Luc Delahaye
[Photographer, b. 1962, Tours, France, lives in Paris.]

 The denunciation of suffering by photography has replaced the religious justification of suffering in painting. Denunciation is a function of photojournalism, and in itself that’s a step in the right direction. 

Sebastião Salgado
[Photographer, b. 1944, Aimores, Minas Gerias, Brazil, lives in Paris and Brazil.]

 I can be an artist a posteriori, not a priori. If my pictures tell the story, our story, human story, then in a hundred years, then they can be considered an art reference, but now they are not made as art. I’m a journalist.

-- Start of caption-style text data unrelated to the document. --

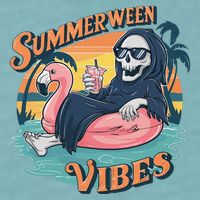 Summerween Vibes Skeleton Flamingo Float Summer Halloween Sueded Cloud Jersey T-Shirt
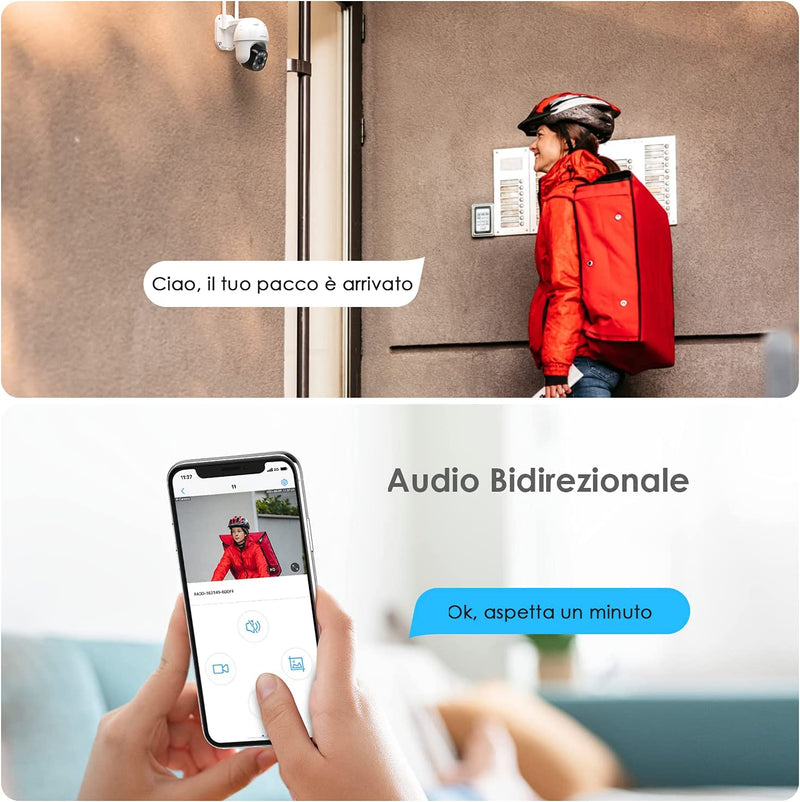 Telecamera Wi-Fi Esterno 360° PTZ Wifi Videocamera Sorveglianza Con 1080P Visione Notturna a Colori, Tracciamento Automatico, IP66 Impermeabile, Rilevamento Del Movimento, Audio Bidirezionale…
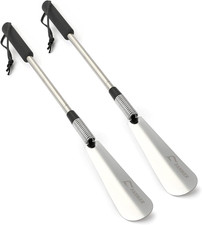 Shoe Horn Long Handle for Seniors, Set of 2, Extendable 16" to 31" Metal Shoeh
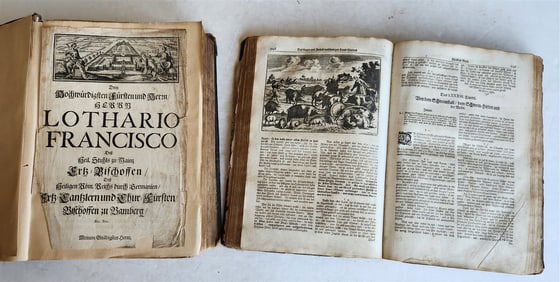 1702 OECONOMUS PRUDENS ILLUSTRATED 2 FOLIO VOLUMES ANTIQUE IN GERMAN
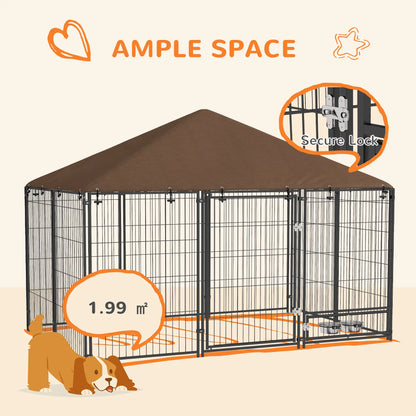 6.9' x 4.6' x 5' Outdoor Dog Kennel, Canopy, Rotating Bowls, Coffee Houses, Kennels & Pens at Gallery Canada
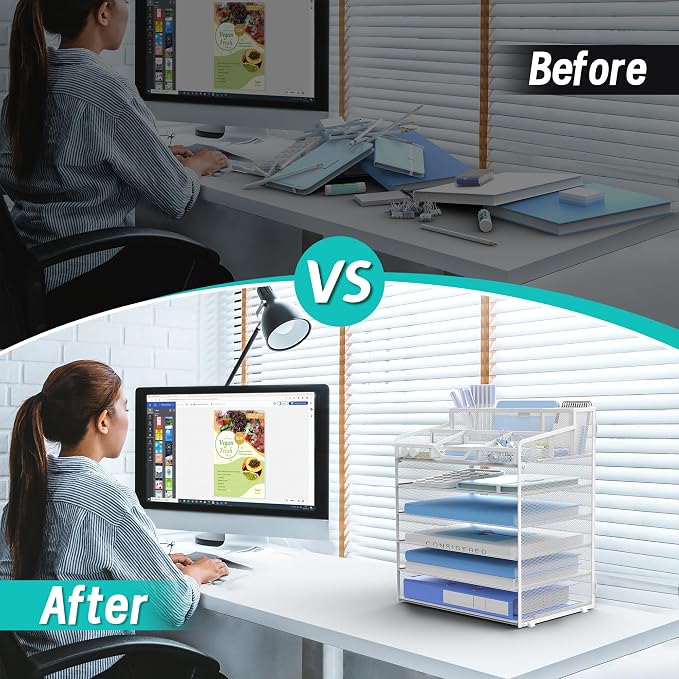 6 Tier Mesh Desk Organizer - Image 3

My life’s on the road, my studio is the planet. 

W. Eugene Smith
[Photographer, b. 1918, Wichita, Kansas, d. 1978, Tucson, Arizona.]

 In printing the photographs of the white-gowned Klan members I ran into considerable difficulty. There were several with uncovered faces and these faces were vividly dark in comparison to the white-white of the gowns that it was almost impossible to keep them from appearing black. I am terribly sorry. (Apology to his editor about images from his 1951 photo essay on the Ku Klux Klan in North Carolina.)  

Joe Rosenthal
[Photographer, b. 1911, Washington, D.C., d. 2006, Novato, California.]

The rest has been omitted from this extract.